Required action — Could the data below please be reproduced word for word, without the pictures?

Entries supplied —
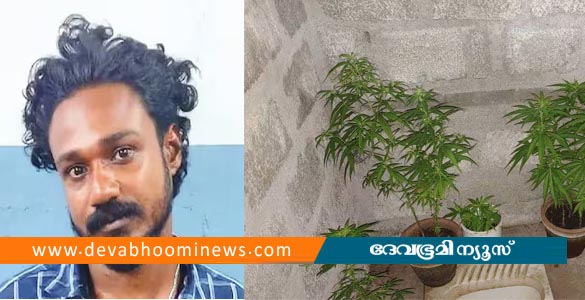 ശുചിമുറിക്കുള്ളിൽ കഞ്ചാവ് കൃഷി; പൊന്നാനിയിൽ യുവാവ് പിടിയിൽ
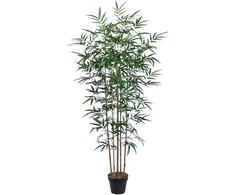 Home4you Žalias augalas BAMBOO, aukštis 150 cm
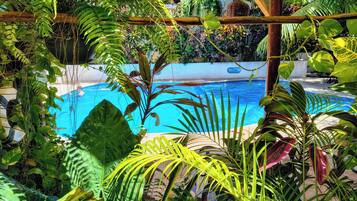 A pool surrounded by lush tropical plants and a wooden pergola.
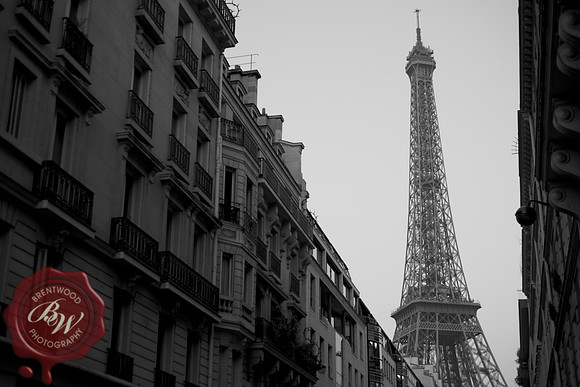 Travel  202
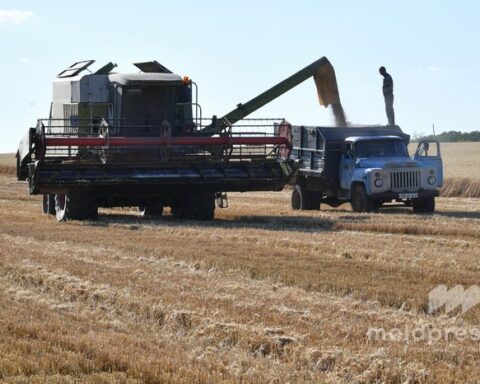 AIPA утвердила свыше 53 миллионов леев выплат фермерам в начале апреля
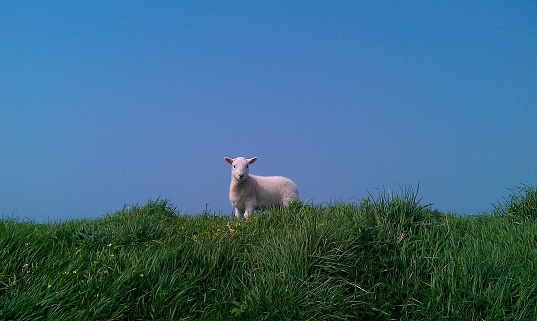 Small lamb standing on the top of a hill, taken in Pembrokeshire, Wales, United Kingdom.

Answer box —
 ശുചിമുറിക്കുള്ളിൽ കഞ്ചാവ് കൃഷി; പൊന്നാനിയിൽ യുവാവ് പിടിയിൽ
 Home4you Žalias augalas BAMBOO, aukštis 150 cm
 A pool surrounded by lush tropical plants and a wooden pergola.
 Travel  202
 AIPA утвердила свыше 53 миллионов леев выплат фермерам в начале апреля
 Small lamb standing on the top of a hill, taken in Pembrokeshire, Wales, United Kingdom.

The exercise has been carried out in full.